HOW TO COMPLETE THIS TASK: Return the whole listing unchanged. Drop the images.

GIVEN INFORMATION:
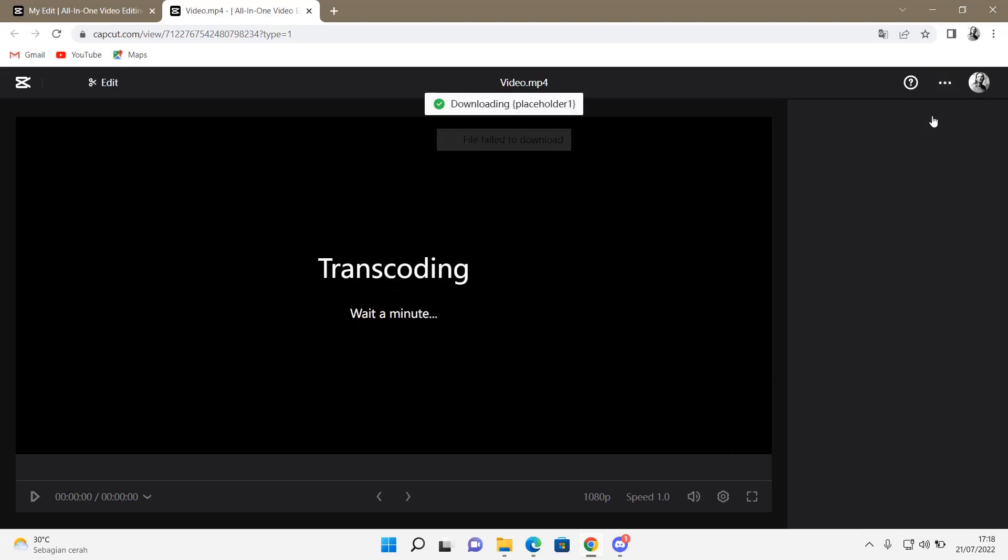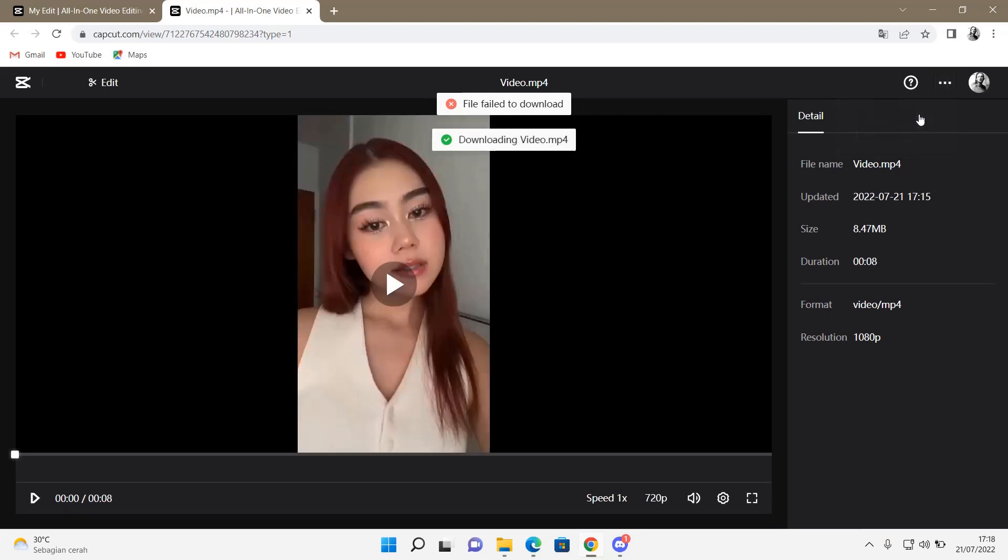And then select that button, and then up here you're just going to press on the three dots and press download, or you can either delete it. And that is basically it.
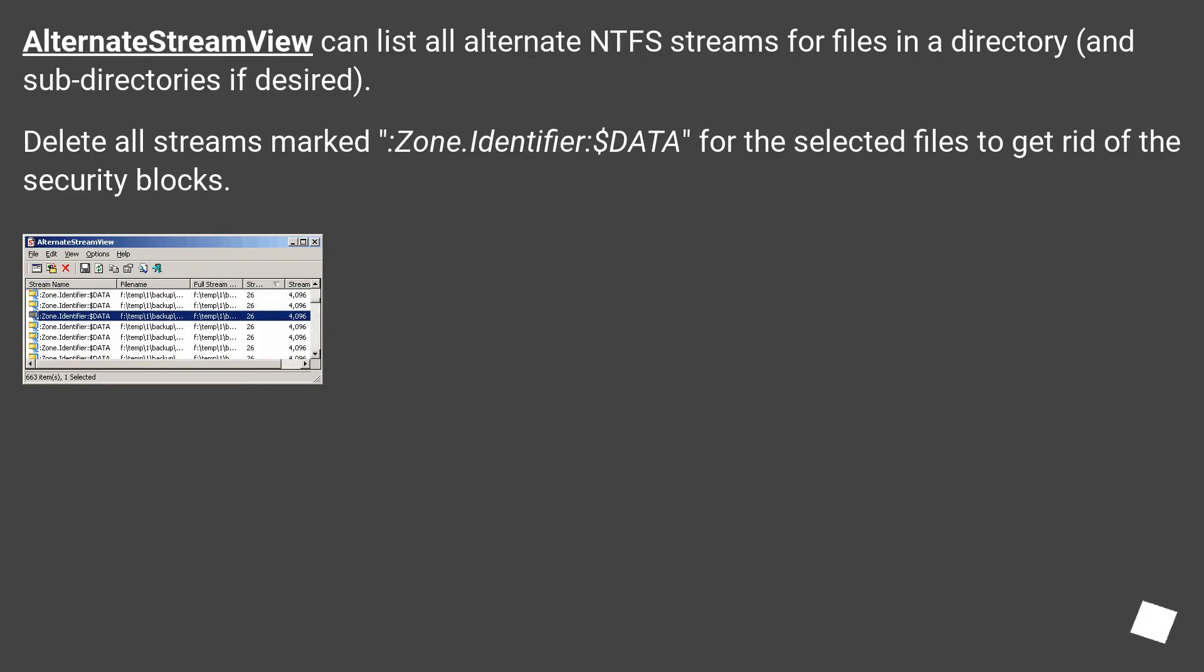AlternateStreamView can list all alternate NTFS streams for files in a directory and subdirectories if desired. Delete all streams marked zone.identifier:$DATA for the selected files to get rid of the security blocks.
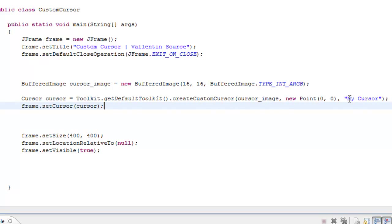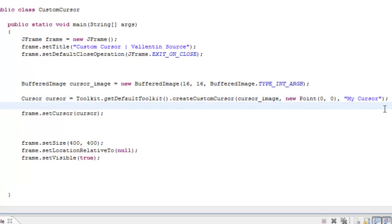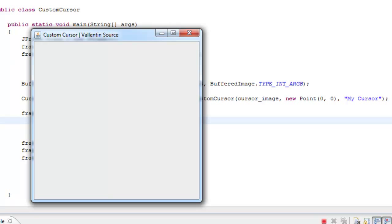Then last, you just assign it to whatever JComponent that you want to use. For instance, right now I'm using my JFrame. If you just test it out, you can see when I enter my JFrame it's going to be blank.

RESPONSE:
And then select that button, and then up here you're just going to press on the three dots and press download, or you can either delete it. And that is basically it.
AlternateStreamView can list all alternate NTFS streams for files in a directory and subdirectories if desired. Delete all streams marked zone.identifier:$DATA for the selected files to get rid of the security blocks.
Then last, you just assign it to whatever JComponent that you want to use. For instance, right now I'm using my JFrame. If you just test it out, you can see when I enter my JFrame it's going to be blank.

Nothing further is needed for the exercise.